Everyday Lies: Asghar Farhadi’s Fireworks Wednesday, Finally in Theaters

Hedieh Tehrani in Asghar Farhadi’s FIREWORKS WEDNESDAY. Courtesy of Grasshopper Film.
Courtesy of Grasshopper Film.

Fireworks Wednesday (2006)
Directed by Asghar Farhadi
Opens March 16 at Film Forum

Fireworks Wednesday is the third film Asghar Farhadi has directed, although it is the fourth of his films to come out in the United States—after A Separation, The Past, and About Elly—his fifth, sixth, and third, released here in that order. This shuffled chronology, I want to suggest, is not unlike the plot of a Farhadi film, in which each divulged bit of information forces the audience, and the characters, to reevaluate what they thought they understood. Again and again, we ask: who is this person—spouse, parent, servant—really?

Farhadi’s work suggests that this question is not only inarticulate, but beside the point. In Fireworks Wednesday, set on the eve of the Persian New Year, and traditionally celebrated with fire—bonfires, firecrackers, and in this case, minor explosions behind closed doors—a young bride, Rouhi, and her fiancé drive into Tehran, to work. Rouhi (Taraneh Alidoosti) is sent by a temp agency to clean the large, expensive, open-plan apartment of Mojdeh (Hedieh Tehrani) and Morteza (Hamid Farrokhnezhad)—a duty she splits with another, very pregnant worker, whom Mojdeh orders around blithely while wandering through her own home like a tear-streaked wraith. She’s quarreling with Morteza about the affair she believes he’s is having with their neighbor, a divorcée who runs a beauty salon. Morteza, enraged, has punched a hole through the window, and he’s not through yet. The constant in this sad equation is their young son, waiting at school to be picked up by the cleaning woman.

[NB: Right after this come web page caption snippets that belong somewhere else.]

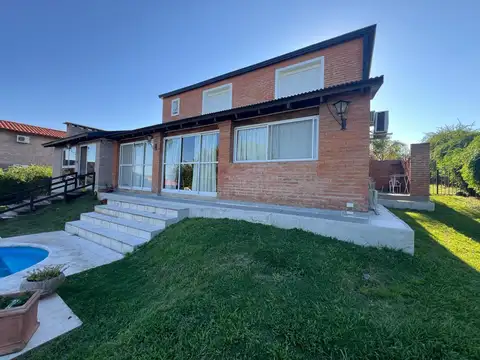 Casa en Venta con 2 cocheras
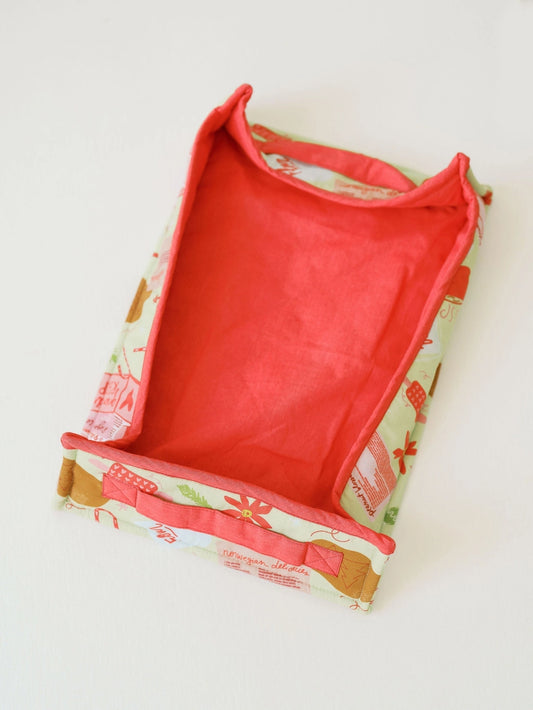 Heirloom Christmas Baking Casserole Bestie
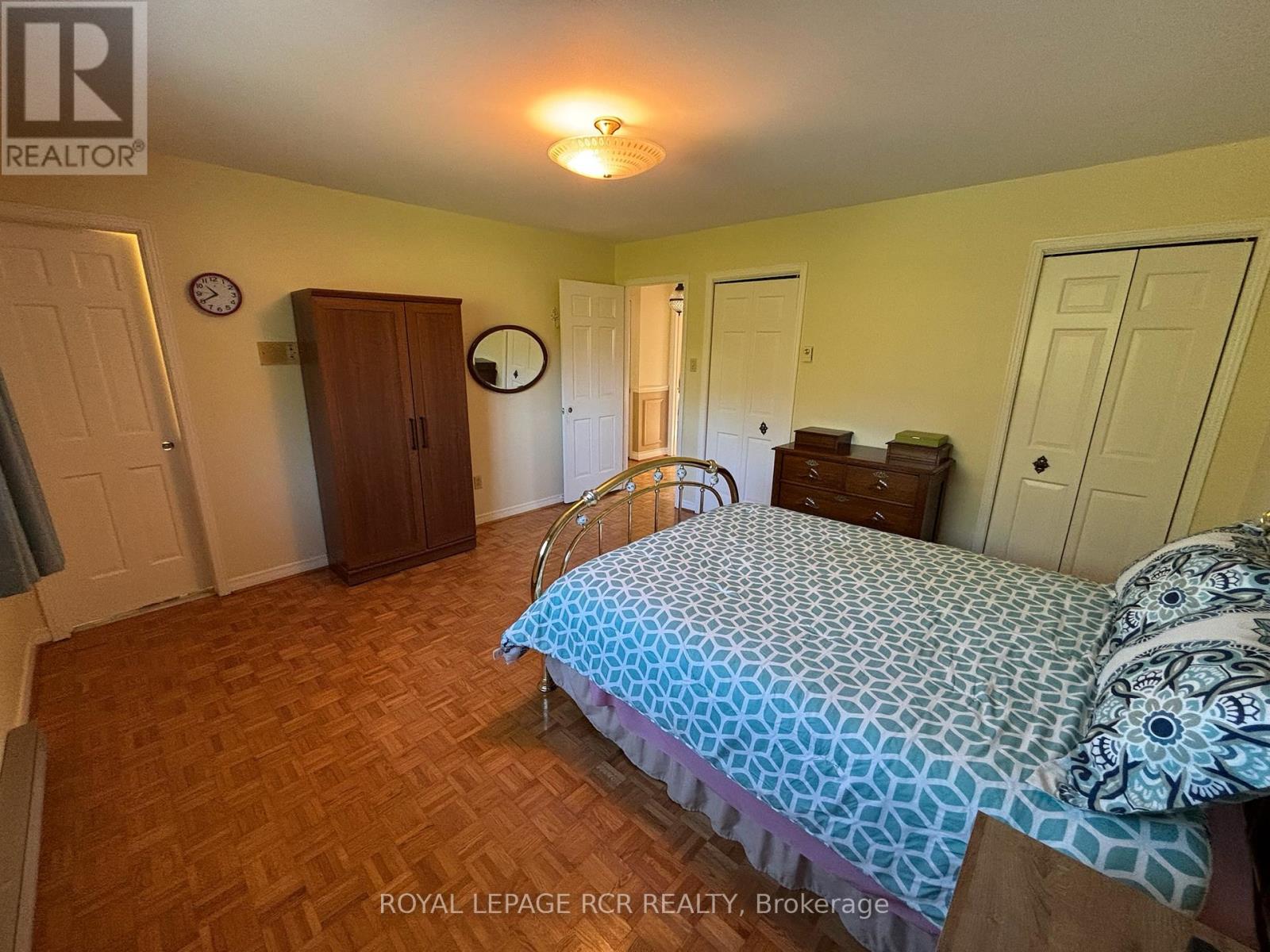 1049 Elgin Street, Newmarket, Ontario  L3Y 3C3 - Photo 9 - N12979138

Glass and plastic, in this film, are not yet the screens sundering the warring couple in A Separation; instead, plastic sheets cover the apartment’s walls, as though the contours of their situation are not yet precisely clear to either party. Is Morteza, in fact, unfaithful? He swears he’s not, but deception is the mechanism of Farhadi’s films, and unlike the woefully placid The Past, it’s present onscreen here. The servant, the parent, the husband and the wife—Farhadi sets all them to balletic motion. And though he reconfigures these basic elements in each subsequent film, what remains are his characters’ tenuous connections to one another, their precisely miscalculated attempts to stand—securely—still.